Jusque ici, rien d'extraordinaire. Seulement, l'auteur souligne l'utilisation abusive faite de cette loi. Aux dépens, par exemple, du prix Nobel de littérature 2001, V.S Naipaul. Celui-ci, qui devait faire le discours d'ouverture, s'est retiré de l'événement d'un commun accord avec les organisateurs, après une discorde au sujet de critiques de l'Islam qu'il avait émises.


« Je pense que nous serions plus forts et plus crédibles si nous nous confrontions à des points de vue différents durant ce meeting, plutôt qu'exclure quelqu'un d'avance à cause de la peur qu'il puisse insulter » a ainsi déclaré Hari Kunzru.

L'écrivain et journaliste britannique a par la suite élevé une diatribe contre l'état de la liberté d'expression en Turquie, rappelant les procès intentés à un autre Prix Nobel, Orhan Pamuk. Selon lui, il en revient au European Writers' Parliament de demander l'abrogation de l'article 301, et d'émettre « une déclaration selon laquelle aucun écrivain Européen ne devrait opérer sous la menace de lois semblables ».

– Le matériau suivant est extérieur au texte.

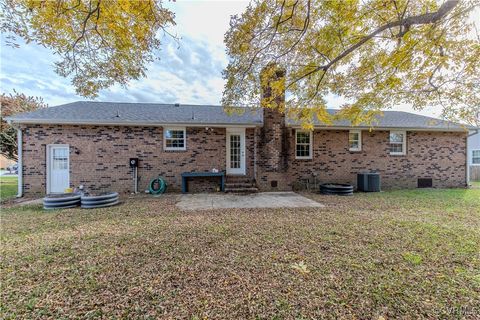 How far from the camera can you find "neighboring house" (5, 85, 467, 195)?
8.47 m

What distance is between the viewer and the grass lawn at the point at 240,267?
2.10 metres

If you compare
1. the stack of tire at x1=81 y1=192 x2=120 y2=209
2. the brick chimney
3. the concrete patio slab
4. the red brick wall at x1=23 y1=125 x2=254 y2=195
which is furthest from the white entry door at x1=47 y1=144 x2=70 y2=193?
the brick chimney

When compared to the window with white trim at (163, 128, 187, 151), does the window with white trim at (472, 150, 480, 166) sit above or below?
below

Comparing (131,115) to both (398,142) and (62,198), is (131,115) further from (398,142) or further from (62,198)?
(398,142)

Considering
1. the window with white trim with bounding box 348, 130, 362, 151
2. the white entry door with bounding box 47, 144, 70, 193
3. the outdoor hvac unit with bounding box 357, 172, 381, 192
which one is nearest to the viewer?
the white entry door with bounding box 47, 144, 70, 193

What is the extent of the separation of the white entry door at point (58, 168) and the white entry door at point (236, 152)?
7.03 metres

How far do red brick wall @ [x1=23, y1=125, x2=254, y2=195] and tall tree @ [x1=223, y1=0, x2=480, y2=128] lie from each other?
3.35 meters

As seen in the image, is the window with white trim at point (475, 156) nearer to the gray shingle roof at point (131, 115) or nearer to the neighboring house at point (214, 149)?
the neighboring house at point (214, 149)

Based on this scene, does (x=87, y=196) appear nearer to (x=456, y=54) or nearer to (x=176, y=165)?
(x=176, y=165)

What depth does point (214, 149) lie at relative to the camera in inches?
368

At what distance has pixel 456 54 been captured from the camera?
19.1 ft

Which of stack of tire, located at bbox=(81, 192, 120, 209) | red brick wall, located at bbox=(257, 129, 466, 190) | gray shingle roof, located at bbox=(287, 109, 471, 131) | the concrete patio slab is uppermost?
gray shingle roof, located at bbox=(287, 109, 471, 131)

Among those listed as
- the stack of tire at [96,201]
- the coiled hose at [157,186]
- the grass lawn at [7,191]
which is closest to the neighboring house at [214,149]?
the coiled hose at [157,186]

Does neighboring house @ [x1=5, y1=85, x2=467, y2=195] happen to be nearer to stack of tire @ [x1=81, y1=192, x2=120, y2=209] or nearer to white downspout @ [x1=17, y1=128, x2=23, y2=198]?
white downspout @ [x1=17, y1=128, x2=23, y2=198] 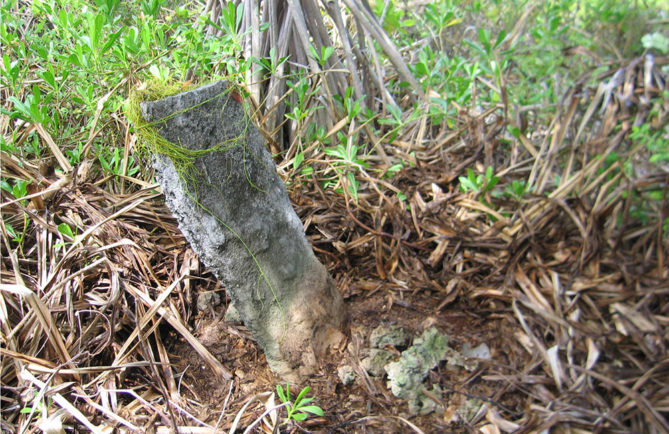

L'auteur reconnaît pouvoir, en ces termes, offenser le pays hôte. Il insiste cependant : « Nos aimables hôtes turques nous ont invités ici pour entendre nos avis, donc je crois que nous ne devons pas être timides, et reconnaître la situation ici, là où nous parlons ».

L'homme n'en est pas à son coup d'essai. En 2003, il avait refusé l'attribution du John Llewellyn Prize et des 5.000 livres sterling jointes, car ledit prix est sponsorisé par le Daily Mail, journal hostile envers les noirs et Asiatiques, selon l'écrivain. L'argent avait été reversé au Conseil pour les Réfugiés, selon sa demande.